Dès ce moment, il les piétinait, les détruisait au passage. D’abord ses pieds creusaient l’emprunte selon le tracé de surface, puis les parois de sable, un moment verticales, s’effondraient sur elles-mêmes au fond des traces.

Il ne pouvait en aucune manière couper court ou renoncer à ce cérémonial.

Il en découlait une ivresse pure et froide, dont l’emprise effaçait de sa conscience toute idée de début et de fin.

Les empruntes, à force, viraient au bourbier.
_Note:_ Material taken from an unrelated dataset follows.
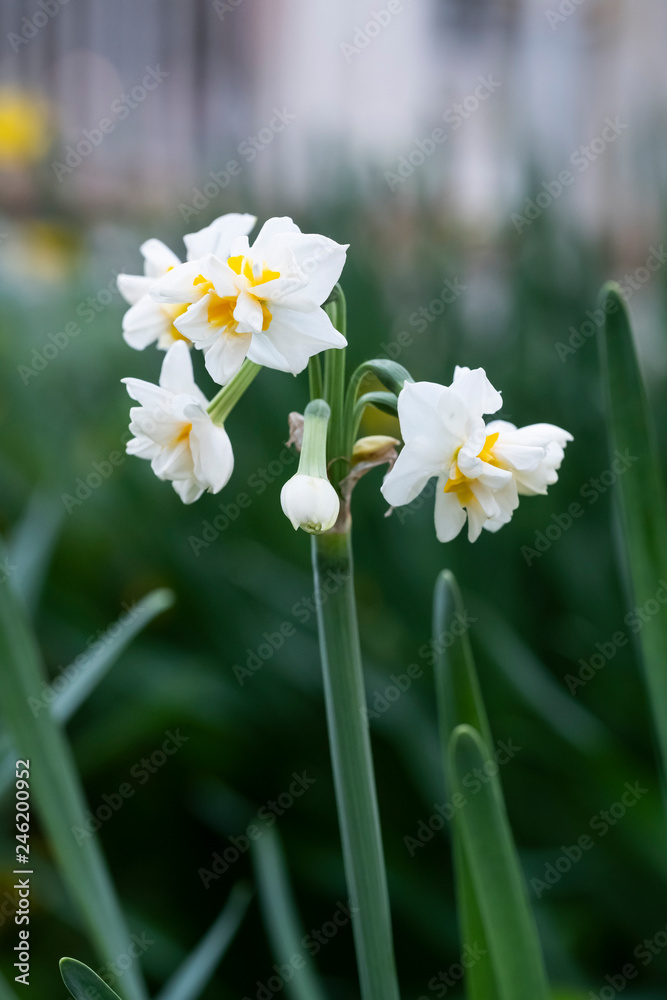 Daffodil flower. Daffodil flowers and green leaves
D’où le pantalon qu’il ôtait au préalable, afin que la souillure de la vase ne trahisse rien de son rituel secret. Prendre la décision arbitraire de sortir du cercle aurait insulté son sens de l’honneur. Il se sentait si envahi de plaisir que son dégoût, à la vue de ces remontées de bourbe entre ses orteils, de cette masse visqueuse aux lourds relents de fange, participait tout autant de son sentiment exclusif que la douceur de ses premières traces en surface. Il ne pressait pas le pas, mais la gluance de la vase entravait sa marche. Or le moindre ralentissement l’exposait à la menace d’un retour contraint dans le monde du dehors.

Plus il s’approchait du sentiment de pérennité, plus il sentait ses jambes se dérober sous lui. Ainsi de suite jusqu’à s’écrouler, à bout de force, de ferveur.